Automatic Cell Detection using HOG features and SVM
Nicha Apichitsopa*, Boying Meng*, Hayley Song*
paper, slides (2016 Fall)
The analysis of cell trajectories inside microchannels is a critical part of many microfluidic systems. This task requires automated cell detection and cell tracking algorithms in order to reliably extract cell positions over time. Such algorithms need be robust against shape deformation, variable illumination, and noises from sensors and cell movements. In this report, we prove the ability of our machine-learning detection algorithm based on the Histogram of Oriented Gradients (HOG) and Support Vector Machines (SVMs), and compare its performances to the classic image segmentation method. We also investiage different features extracted by various machine learning algorithms and discuss how they affect the performances of cell detection and tracking.
FreeFlow: Unintrusive Reading Device for Printed Texts
Hayley Song, Suvrit Sra
paper, poster (2016 Spring; MIT SuperUROP sponsored project)
FreeFlow is a software for the pen-style, hand-held device that allows a user to search for definitions by “clicking” on the printed text. It is the first end-to-end system that performs such functions with high accuracy (95%) under variable illumination and motion blur from hand movements.

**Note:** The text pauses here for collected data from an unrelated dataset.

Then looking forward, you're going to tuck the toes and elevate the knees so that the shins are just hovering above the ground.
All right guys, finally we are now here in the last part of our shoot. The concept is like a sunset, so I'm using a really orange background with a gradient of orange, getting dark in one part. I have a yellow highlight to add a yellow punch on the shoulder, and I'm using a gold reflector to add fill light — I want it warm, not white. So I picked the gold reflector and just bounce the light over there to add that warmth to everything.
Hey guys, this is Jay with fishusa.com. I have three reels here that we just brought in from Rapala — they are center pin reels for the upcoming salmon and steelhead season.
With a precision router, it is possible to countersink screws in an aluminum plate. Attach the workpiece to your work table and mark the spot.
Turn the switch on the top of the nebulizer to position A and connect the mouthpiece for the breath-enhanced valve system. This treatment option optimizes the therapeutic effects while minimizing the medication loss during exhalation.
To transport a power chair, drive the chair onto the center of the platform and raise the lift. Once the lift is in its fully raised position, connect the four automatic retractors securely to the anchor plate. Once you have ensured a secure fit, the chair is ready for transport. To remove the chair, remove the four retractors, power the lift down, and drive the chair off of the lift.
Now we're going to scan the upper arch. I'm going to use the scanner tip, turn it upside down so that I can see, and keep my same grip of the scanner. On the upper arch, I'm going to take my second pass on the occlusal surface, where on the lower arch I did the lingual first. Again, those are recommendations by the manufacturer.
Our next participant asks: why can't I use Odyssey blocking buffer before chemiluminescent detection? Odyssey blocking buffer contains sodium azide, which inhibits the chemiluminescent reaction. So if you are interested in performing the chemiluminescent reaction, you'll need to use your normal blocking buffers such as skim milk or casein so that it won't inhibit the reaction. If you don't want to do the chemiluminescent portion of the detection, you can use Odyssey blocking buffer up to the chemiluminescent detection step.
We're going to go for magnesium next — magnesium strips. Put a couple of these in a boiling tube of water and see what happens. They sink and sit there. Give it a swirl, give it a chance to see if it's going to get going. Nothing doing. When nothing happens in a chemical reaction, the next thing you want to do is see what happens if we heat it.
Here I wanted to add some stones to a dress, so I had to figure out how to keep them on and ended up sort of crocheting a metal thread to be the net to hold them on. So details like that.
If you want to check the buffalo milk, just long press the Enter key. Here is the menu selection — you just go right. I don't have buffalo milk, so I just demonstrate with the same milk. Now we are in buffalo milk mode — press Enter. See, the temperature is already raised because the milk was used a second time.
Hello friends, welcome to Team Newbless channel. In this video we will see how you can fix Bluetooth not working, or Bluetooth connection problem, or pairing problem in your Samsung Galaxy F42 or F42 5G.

It is composed of the four main modules: (1) capture, (2) preprocessing, (3) recogtnition and (4) dictionary search. In this paper, we discuss the details of our system and its performances under various real-world settings.
3D Air Gesture Recognizer using Dynamic Time Warping and KNN
Hayley Song*, Chongyuan Xiang*
poster,
code and dataset (MIT CSAIL, 2016)
In this project, we use the Dynamic Time Warping method and the Neearest Neighbor to design a recognizer for 3D alphabet gestures drawn in the air. We collected the air gesture data from 11 users, and designed the features using speed, acceleration and rotation in the three dimensional space.